Es zeigt sich ganz deutlich, dass die Ertragsseite durch die Transaktionsvolumina am Point of Sale und am ATM gesteuert wird; die Erträge aus Interchange oder Breakage sind nicht groß genug. In anderen Worten heißt dies, dass nur ein regelmäßiges Transaktionsvolumen das Pre-paid-Produkt profitabel machen kann. Die Prepaid-Zahlungsfunktion allein reicht dazu meist nicht aus.
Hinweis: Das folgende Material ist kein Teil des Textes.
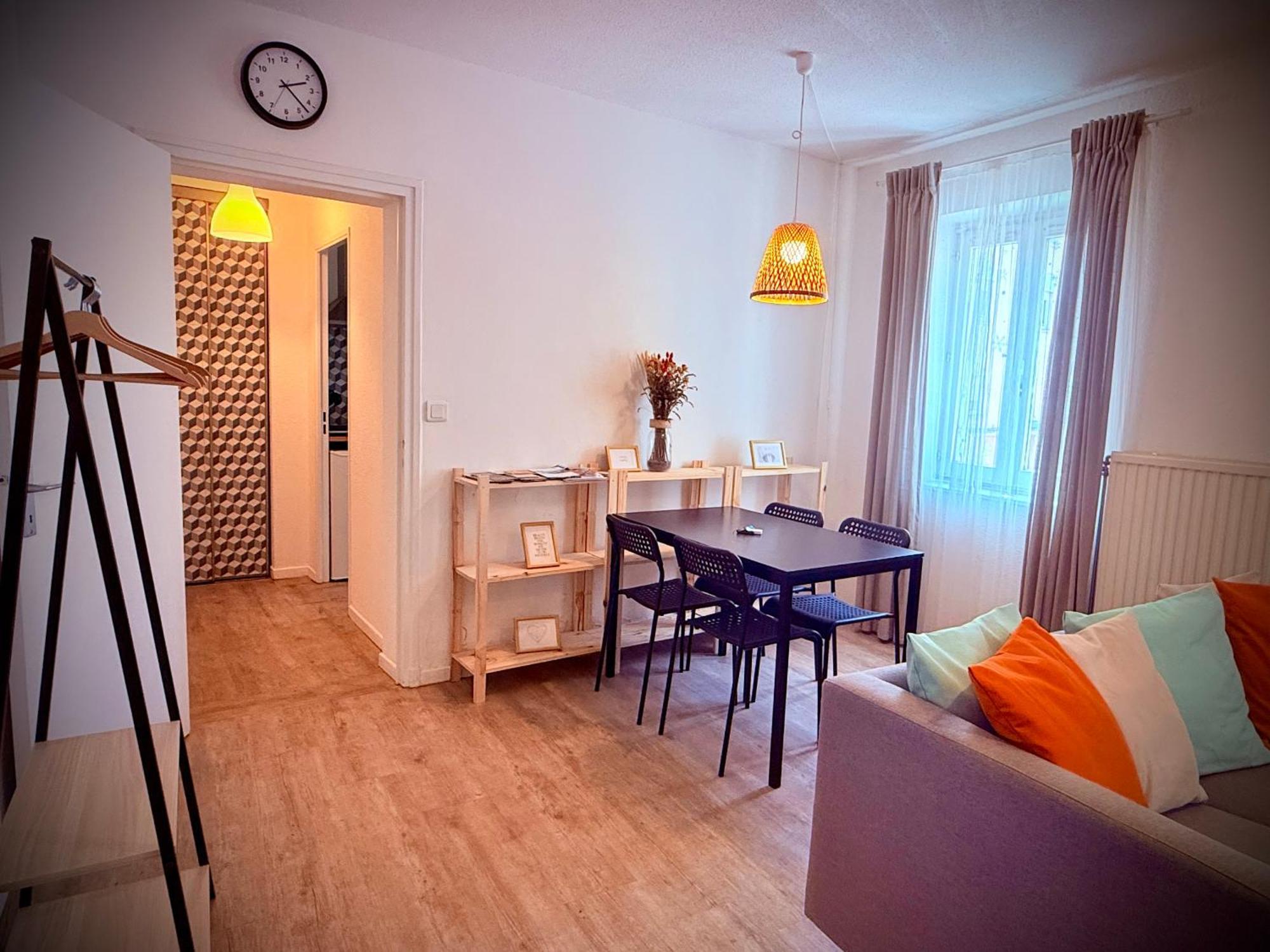 Cozy Central Apartment: Self Check-In with Netflix and Free Parking Avignon Exterior photo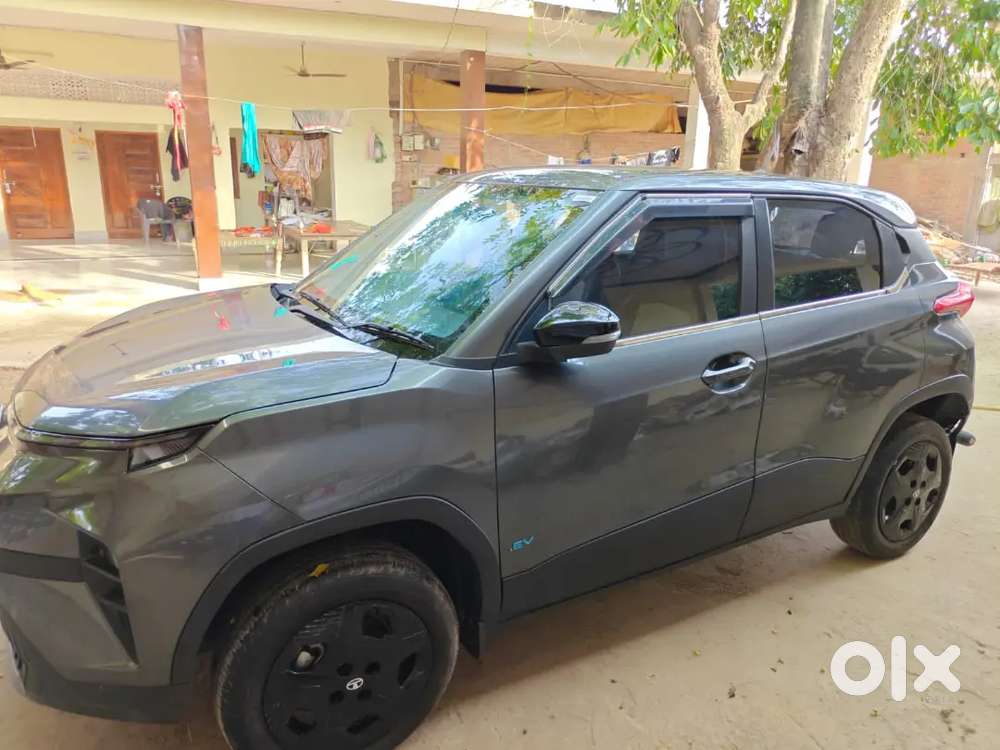Tata Punch Ev 2025 Adventure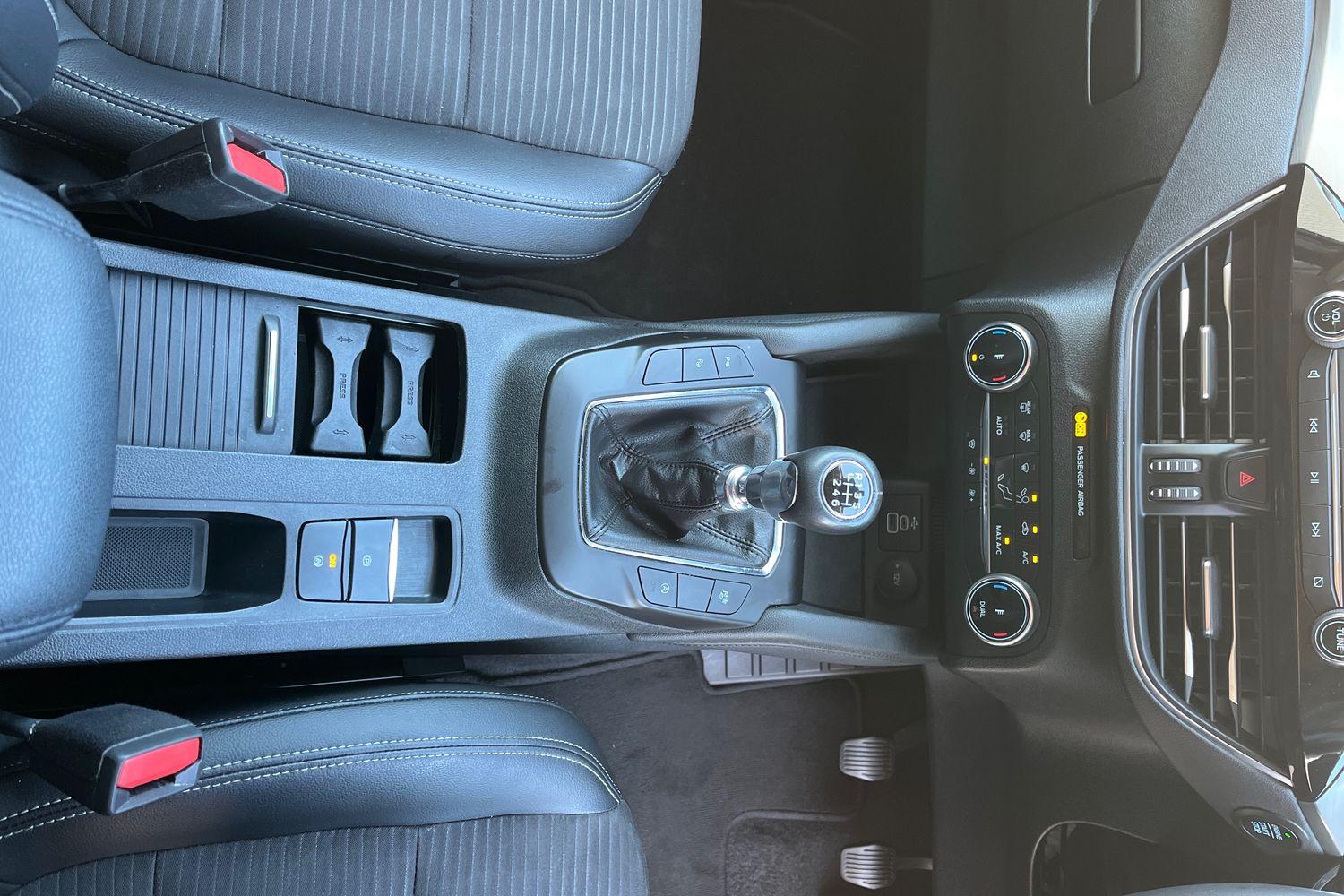 Ford KUGA Photo 31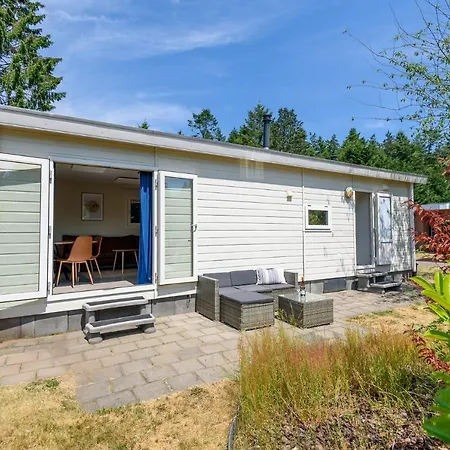 Chalet Rustig Gelegen Gezellig Op De Veluwe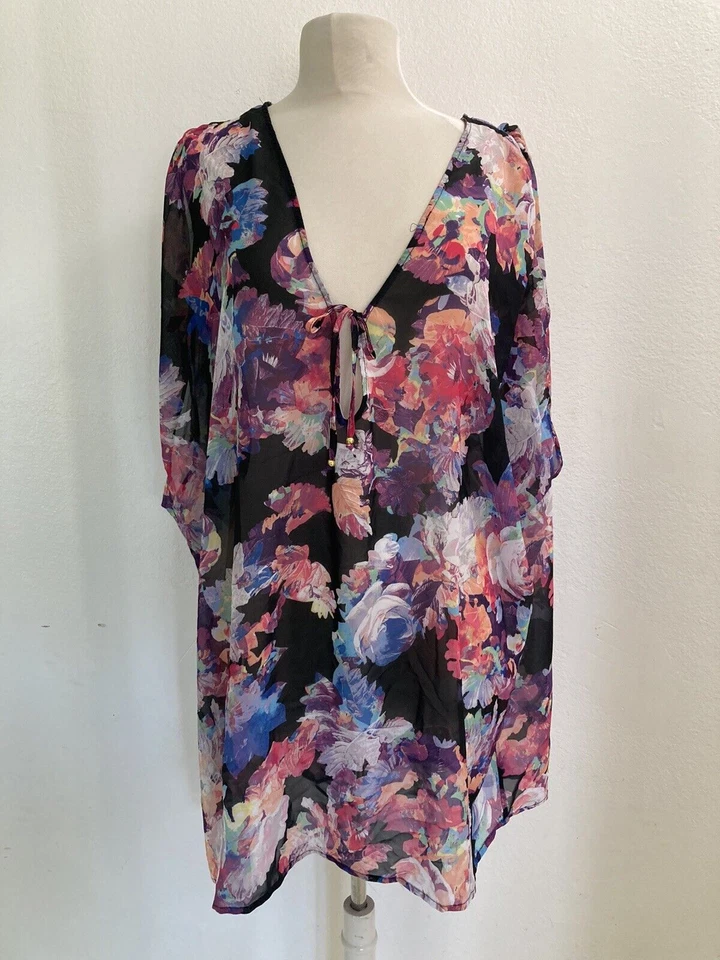 Bar III 多色花卉印花露肩束腰外衣 保护套 尺寸 L 沙滩装 — 第 1/4 张图片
Es wird wichtig sein, einen wirklichen Zusatznutzen für den Kunden zu definieren und dies ist in vielen Fällen noch der Schwachpunkt. Eine gute Segmentierung des Kundenportfolios kann hier jedoch weiterhelfen.
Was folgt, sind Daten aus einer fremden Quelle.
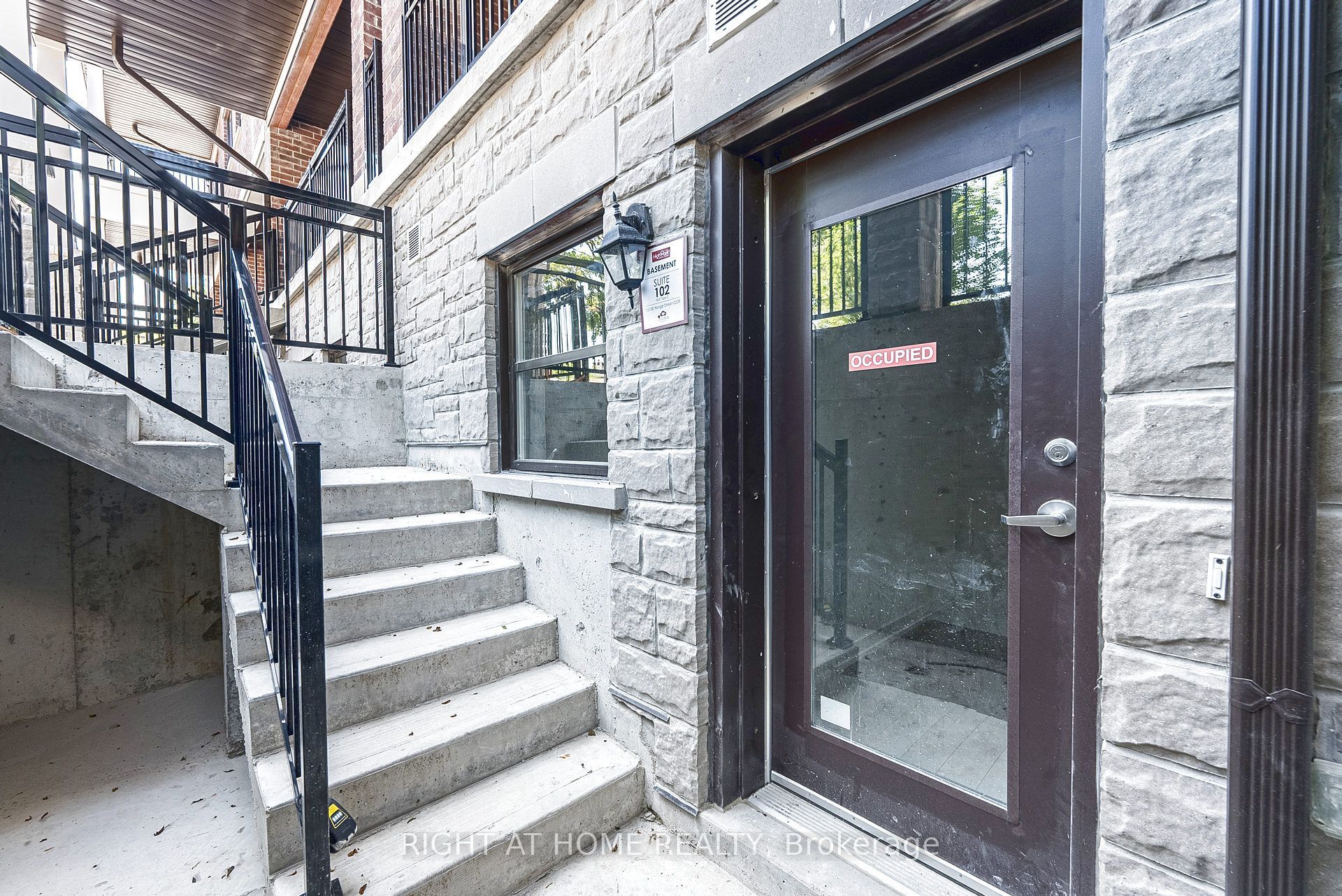 15100 Yonge Street 102, Aurora, ON L4G 4C8 photo 4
Wie bereits oben erwähnt, gibt es das typische Prepaid-Produkt nicht. Es gibt viele unterschiedliche Einsatzmöglichkeiten von Prepaid und eine Prepaid-Produktdefinition lässt sich nur aus den Einsatzmöglichkeiten in verschiedenen Segmenten ableiten. Die folgende Liste zeigt nur drei Segmente auf, die einer Prepaid-Karte aufgeschlossen sein könnten:

Jugendliche, die gerne reisen, aber noch nicht im Besitz eine Debit- oder Kreditkarte sind,

Gastarbeiter, die regelmäßig Geld in ihr Heimatland transferieren wollen,

Kleine und mittelständische Unternehmen, die ihren Teilzeitkräften ein effizientes Medium für die Gehaltszahlung anbieten wollen.

Diese Liste kann fast unendlich erweitert werden. In allen Segmenten geht es aber darum, spezielle Kundenwünsche durch ein klar definiertes Prepaid-Angebot anzusprechen. Dies sollte zumindest auf kurzfristige Sicht die benötigten Transaktionsvolumen garantieren und damit die entsprechenden Erträge gewährleisten. Auf lange Sicht sollte es dann jedoch auch das Ziel sein, nicht transaktionsbezogene Erträge in verstärktem Maße zu erwirtschaften.

Uneinheitlichkeit der Regulierung verschreckt die Emittenten

Das zweite Problem liegt in den oft unklaren und inkonsistenten Regularien bezüglich Prepaid im europäischen Raum. Dies fängt bereits damit an, dass es unterschiedliche Auslegungen gibt, wie das Thema Guthaben-Karten grundsätzlich reguliert wird beziehungsweise ob Prepaid-Karten der europäischen E-Money-Direktive unterliegen. Hier gibt es von Land zu Land unterschiedliche rechtliche Auffassungen. Und die Probleme hören bei der Lizenzierung nicht auf.

Bei so kritischen Aspekten wie Anti-Money-Laundering (Geldwäschegesetz) oder KYC (Know your Customer) gibt es auch wieder von Land zu Land unterschiedliche Regularien und Interpretationen. Dies ist alles andere als optimal und so lange es hier keine einheitliche Anpassung durch nationale Regulierungsbehörden oder die Europäische Kommission gibt, wird es immer wieder Organisationen geben, die vor einem Einstieg in das Geschäft mit Guthabenkarten zurückschrecken.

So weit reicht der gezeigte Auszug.